The New National Park took over from 1 April 2011 as the planning authority which will include planning permissions, planning policies and enforcement, minerals and waste.
It is entering into agreements with the 15 local planning authorities which would include all planning authorities in East Sussex whereby they will probably continue to decide 98% of the applications. The SDNPA will determine significant applications.
Significant applications will be 10 dwellings, 1000 sq meters of commercial floor space or sites of 0.5 hectares or more unless certain factors apply which means that they will be treated as minor applications. The factors are:
Any residential schemes over 10 dwellings that are proposed within existing towns and are considered to have less significance to the National Park will be decided by the local authorities. Similarly commercial schemes of 1000 to 2999 sq metres floor space within existing commercial centres within towns and some small settlements which are considered to have less significance will be again decided by the local authority.
Some minor development will be considered by the SDNPA if it is considered to be significant.
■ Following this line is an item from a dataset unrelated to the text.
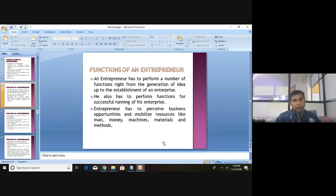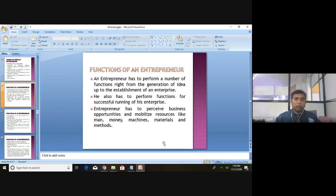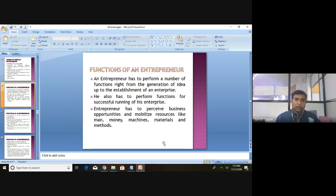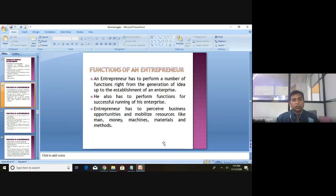Welcome to the session. In the earlier class we looked into the characteristics of an entrepreneur, then we made a comparison of a manager profile and the entrepreneur. We also looked at who is a technical entrepreneur — all of you with formal education in computer science and engineering fall into that category — and the benefits and challenges of becoming an entrepreneur.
These will include the following:-
- 3 of more dwellings on the edge of a small village or settlement;
- Tourism, leisure and visitor accommodation schemes;
- Individual energy schemes outside existing settlements;
- Smaller scale infrastructure projects outside existing settlements;
- Proposals to alter the operation of some minerals and waste facilities;
- Telecoms communications proposals with visual impact on the SDNPA;
- Proposals for lighting outside existing settlements;
- Smaller scale development which may have acumulative adverse impact on the SDNPA.
If planning applications are identified as significant they will go straight to the SDNPA. However the SDNPA also has powers to recover any applications that are being looked at by the local planning authority and decide it themselves. However it has been made very clear they will not be recovered just because there is a lot of local opposition and a big lobby.
In some significant planning applications the SDNPA link officer may be involved in pre-application discussions.
Enforcement
Local authorities will continue to carry out enforcement and SDNPA’s role is mainly advisory. Similarly with Section 106 Agreements the LPAs will continue to undertake these and the Community Infrastructure Levy (CIL).
Appeals
Appeals will continue to be handled by the local planning authority. If the SDNPA makes a decision which is not accepted then the SDNPA will handle the appeal.
Planning Policy
Current local planning policies continue to apply but joint core strategy work is in discussion with the local planning authorities. An early SPD is going to be promoted to review the inherited saved local plan policies and AONB policies.